2. proportion of total communications seeking to induce others to comply at all-time high, compliance generally requires actionable sequential task formulations

3. fear of being ignored

j., Sunday, 30 July 2017 02:26 (six years ago) link

5 important questions YOU should be asking about bulleted lists

kinder, Sunday, 30 July 2017 09:55 (six years ago) link

I think, write, and speak in paragraphs containing long convoluted sentences that (through no premeditation of mine) tend to include a lot of parenthetical digressions and dependent clauses that follow my (somewhat scattered) train of thought; this leads me to write things that are not clear to people who are not me, so even in a breezy and informal context (like ILX) I frequently have to remind myself to stop and break it up into manageable chunks before hitting "submit post."

See above. To me, bullets are not syntactically different from a series presented in sentence form. They may be overused in ppt but in a lot of situations they're easier to read at a glance, and use in practical ways.

Things like "Dear husband, please pick up bread, milk, cat food (not the smelly kind), the kind of orange juice that I like, both kinds of bagel, some broccoli, and lots of wine" are better as bulleted lists.

I reserve numbered lists for lists in which the sequence is important and you might have cause to refer to a step by number.

okapi paste (Ye Mad Puffin), Sunday, 30 July 2017 12:42 (six years ago) link

Why and how have they become so dominant?

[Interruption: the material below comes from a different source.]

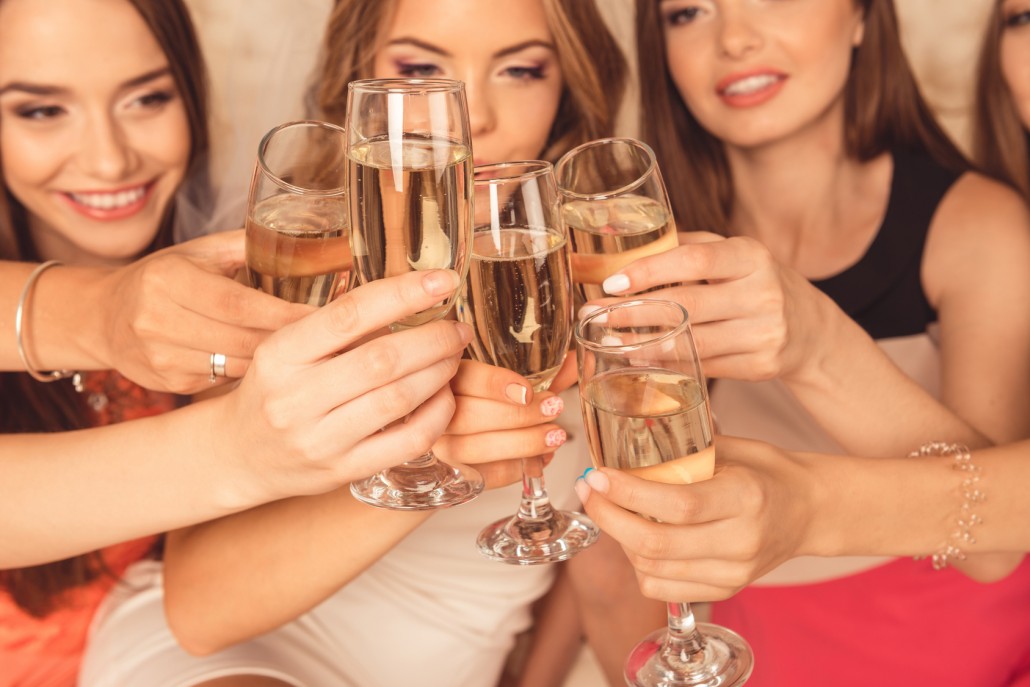 Close up photo of girls celebrating a bachelorette party and cli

1. hyper-mediated etc etc of teh innernet age levels all things to equal importance, destroys everyone's ability to assert or discern relative importances

2. proportion of total communications seeking to induce others to comply at all-time high, compliance generally requires actionable sequential task formulations

3. fear of being ignored

this is otm
take it from someone who is frequently ignored

also there is status involved:
if you think, write, and speak in paragraphs containing long convoluted sentences that (through no premeditation of mine) tend to include a lot of parenthetical digressions and dependent clauses that follow my (somewhat scattered) train of thought and you are me, you WILL be ignored
the only way to communicate effectively is through premeditated/edited stark clarity
you need to have a very high status level to be convoluted/impenetrable and still have people pay attention to what you're saying; i do not have this
i bullet list almost every written communication that matters, including emails to friends whose time is limited
imo it's also polite/respectful not to bury your main points in a paragraph of digressions

weird woman in a bar (La Lechera), Sunday, 30 July 2017 14:46 (six years ago) link

the only way to communicate effectively is through premeditated/edited stark clarity

imo it's also polite/respectful not to bury your main points in a paragraph of digressions

This is:

- otm

and also

- otmfm

The only thing I can't abide is when people attach sentence-style punctuation to bulleted lists like

* Thing;
* Thing, thingy, thing; and
* Thing

okapi paste (Ye Mad Puffin), Sunday, 30 July 2017 15:15 (six years ago) link

* you

* people

j., Sunday, 30 July 2017 15:35 (six years ago) link

Come on. A properly deployed semicolon in a bulleted list is a joy.